Maka lengkaplah strategi “ayudanisasi” militer — di mana bekas ajudan bertransformasi menjadi pion utama di papan catur kekuasaan. Ini menimbulkan pertanyaan: apa kabar profesionalisme militer? Mari kita simpan harapan dalam kotak penyimpanan dengan tulisan “Buka saat demokrasi beneran tiba.”
Tapi tetap penting kita menyegarkan ingatan. Samuel Huntington, dalam karyanya yang melegenda “The Soldier and The State” (1957), menjelaskan konsep profesionalisme militer sebagai “manajemen kekuatan bersenjata yang otonom dari kepentingan politik, tunduk hanya pada konstitusi dan komando sipil yang sah.”

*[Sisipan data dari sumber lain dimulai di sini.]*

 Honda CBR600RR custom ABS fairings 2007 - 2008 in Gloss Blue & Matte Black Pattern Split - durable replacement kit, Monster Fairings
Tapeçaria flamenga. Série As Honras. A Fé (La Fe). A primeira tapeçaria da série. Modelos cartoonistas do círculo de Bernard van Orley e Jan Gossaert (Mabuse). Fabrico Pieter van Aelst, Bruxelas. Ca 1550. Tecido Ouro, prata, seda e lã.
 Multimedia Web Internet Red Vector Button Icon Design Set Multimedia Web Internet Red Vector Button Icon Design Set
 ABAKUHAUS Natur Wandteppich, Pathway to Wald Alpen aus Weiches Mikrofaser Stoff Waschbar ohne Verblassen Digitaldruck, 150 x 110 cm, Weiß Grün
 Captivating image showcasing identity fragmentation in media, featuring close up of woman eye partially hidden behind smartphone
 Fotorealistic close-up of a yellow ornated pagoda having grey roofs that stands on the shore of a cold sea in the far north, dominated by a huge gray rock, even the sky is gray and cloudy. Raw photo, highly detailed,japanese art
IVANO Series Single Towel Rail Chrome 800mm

Di Indonesia, Prof. Salim Said (alm), dalam banyak karyanya yang monumental, juga tak bosan-bosannya menyoroti bagaimana TNI sejak Orde Baru hingga kini belum sepenuhnya melepaskan diri dari politik praktis. Mereka bahkan cenderung menjadi instrumen kekuasaan, tergantung siapa yang memegang kendali.
Mutasi Pak Kunto adalah bukti sahih bahwa teori itu masih berdebu di rak buku, jauh dari praktik di lapangan. Profesionalisme TNI masih jauh dari harapan. Kisah ini juga menguak sisi lain: apakah Panglima TNI kita hari ini benar-benar panglima, atau sekadar juru tulis bagi kehendak Pak Mulyono yang kini menghadapi kasus ijazah palsu?

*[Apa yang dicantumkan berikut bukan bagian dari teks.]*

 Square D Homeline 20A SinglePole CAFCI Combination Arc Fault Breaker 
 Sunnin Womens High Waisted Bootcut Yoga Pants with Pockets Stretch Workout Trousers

Revisi mendadak keputusan mutasi menunjukkan dua hal: ada tekanan politik sangat kuat, atau Panglima sendiri menyadari bahwa ia hampir terjebak dalam blunder sejarah. Bahkan, Prabowo — mantan Menteri Pertahanan era Jokowi dan kini presiden — dikabarkan marah besar atas keputusan Panglima, hingga buru-buru harus dikoreksi esok hari.
Kasus kudeta atau kooptasi sunyi atas jabatan penting itu memberi pelajaran dan momentum penting bagi Prabowo. Tak mengherankan bila dalam waktu dekat, seperti dikatakan seorang netizen, “kaki-kaki Mulyono akan dipretelin”: Panglima TNI, Kapolri, atau siapa saja yang jadi sisa-sisa era yang mestinya sudah tutup buku.
Apa yang bisa disimpulkan dari semua ini? Bahwa militer kita masih mudah dikooptasi rasa pribadi. Bahwa jabatan-jabatan strategis masih bisa dimainkan seperti pion dalam catur. Bahwa seorang perwira tinggi bisa “dipinggirkan” hanya karena ayahnya terlalu jujur dan terlalu tua untuk takut.
Ini bukan hanya pengkhianatan terhadap semangat reformasi TNI, tapi juga pengabaian terang-terangan terhadap prinsip meritokrasi. Seandainya Letjen Kunto benar-benar dicopot karena performa buruk, itu wajar. Tapi jika karena “dosa turunan”, ini bukan militer, ini sinetron kolosal. Semua tahu, dia baru dua bulanan menjabat, bahkan belum sempat bekerja apa-apa.
Di zaman Soeharto, militer ibarat anjing penjaga kekuasaan. Setelah Reformasi, kita berharap anjing itu pensiun dan berganti menjadi anjing penjaga konstitusi. Tapi hari ini, anjing itu tampaknya kembali menggonggong atas perintah tuan lama — yang kini tak lagi di Istana, tapi masih ingin mengatur istana.
Mungkin sudah waktunya kita buka kembali buku-buku Huntington dan Salim Said, lalu mengajar ulang pelajaran dasar kepada para jenderal dan sipil yang mengintervensi: bahwa dalam republik, loyalitas bukan kepada personalitas, tapi kepada hukum dan rakyat. Dan lebih penting lagi, tetap menjaga akal sehat.
Dan buat para perwira: kalau hanya bisa setia pada yang pernah menggaji kalian, ingatlah: negara juga menggaji kalian — dengan pajak yang kami bayar dari keringat dan peluh berbau menyengat.